New York City hosted the last of four hearings to discuss the Department of Environmental Conservation's (DEC) new rules that could open the state's borders next year to a controversial drilling technique known as fracking.
New York has had a three-year moratorium on fracking, which involves blasting chemical-laced water and sand into gas-rich shale rock deep underground.
The technique would allow drillers to tap potentially huge reserves of gas in New York's share of the giant Marcellus shale formation.

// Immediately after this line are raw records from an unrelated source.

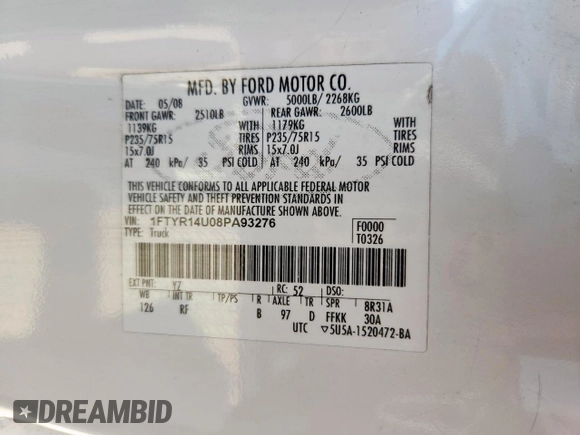 2008 Ford Ranger XL with VIN 1FTYR14U08PA93276, listed as a Copart auction lot 59273215 with 84,899 mi miles and Salvage title. Bid and sale history available at DreamBid. Image 12.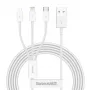 USB-kaapeli Baseus Superior USB 2.0 1,5 m USB A USB C/Micro USB A/Lightning valkoinen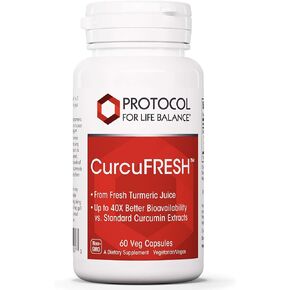 Protocol CurcuFRESH - Turmeric Curcumin 500mg - Standardized Turmeric Root Juice - 60 Veg Caps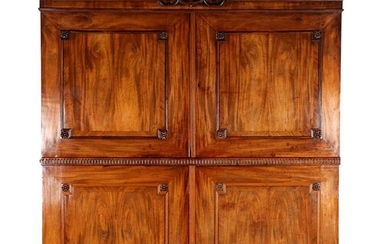 (-), Mahogany veneer on oak 2-piece 4-door cabinet...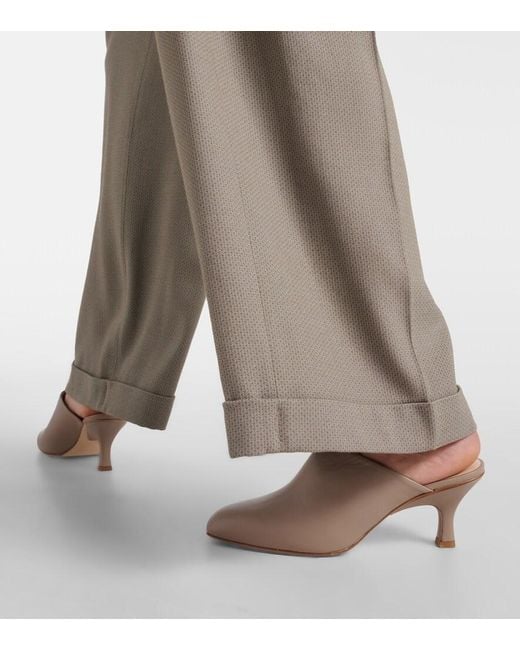 Tod's Gray Leather Mules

But environmentalists say fracking could contaminate drinking water for millions of residents.
As at previous meetings across the state this month, protesters, including actors Debra Winger and Mark Ruffalo, gathered in downtown Manhattan to express concern about the safety of water supplies, holding signs saying "Governor Cuomo, don't frack it up" and "Don't frack with New York".

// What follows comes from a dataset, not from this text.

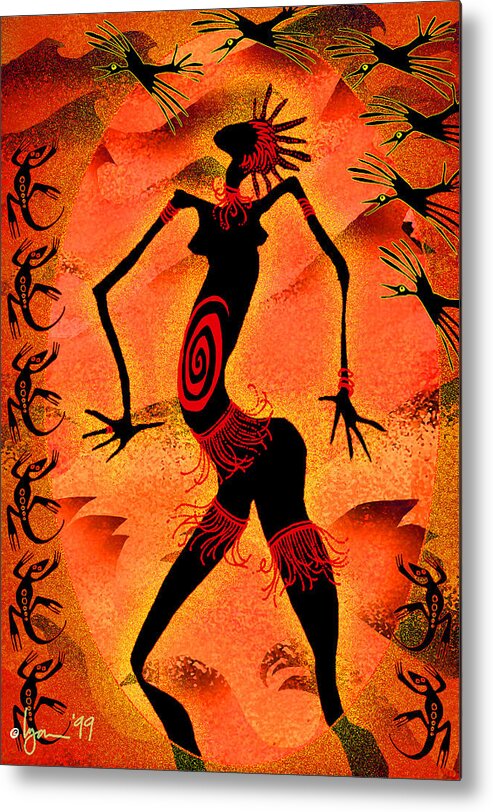 Land Of Ammaze Metal Print featuring the painting OOOOOOh the FIRE in Me by Angela Treat Lyon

"We have to be literally insane to contemplate fracking," New York state Senator Tony Avella told reporters outside the hearings. "Wake up Governor Cuomo, this is not going to provide jobs or revenue, but what it will do is poison the water supply for 17 million New Yorkers."

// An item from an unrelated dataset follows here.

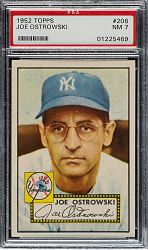 1952 Topps #206 Joe Ostrowski PSA NM 7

Development of the Marcellus and other U.S. shale deposits over the last few years has left the United States with a century's worth of supply. In neighboring Pennsylvania, production from the Marcellus has led to an energy boom that New York Governor Andrew Cuomo is keen to replicate.
But fracking has been blamed for contaminating water supplies, as gas migrates from badly cemented wells into surrounding areas. A Pennsylvania well blowout in April spilled drilling fluids into local waterways, further stoking fears.
"Evidence from other states demonstrates that there are significant environmental risks associated with hydrofracking," State Senator Liz Krueger said in testimony to the DEC on Wednesday. "Every few months a new incident highlights the risk."
The gas industry says fracking can be carried out safely and that the jobs created will help jump-start New York's debt-laden economy. Drillers have complained that the new rules are too strict, especially with regards to drilling near watersheds.
"The DEC now proposes to impose excessive permitting and regulatory requirements with questionable environmental benefits," said Cathy Kenny, associate director of New York State Petroleum Council.
The DEC extended its deadline for comments on the fracking regulations for a second time on Wednesday, frustrating gas drillers keen to develop their New York acreage.
The end of the comment period, which was originally delayed until December 12, is now January 11.
"While today's extension of the comment period may seem inconsequential to some, it is in fact a continuation of the existing four-year ban on economic opportunity for Upstate New York," the Independent Oil and Gas Association of New York said in a statement.
If the DEC's regulations are passed, new drilling permits could be handed out by next year.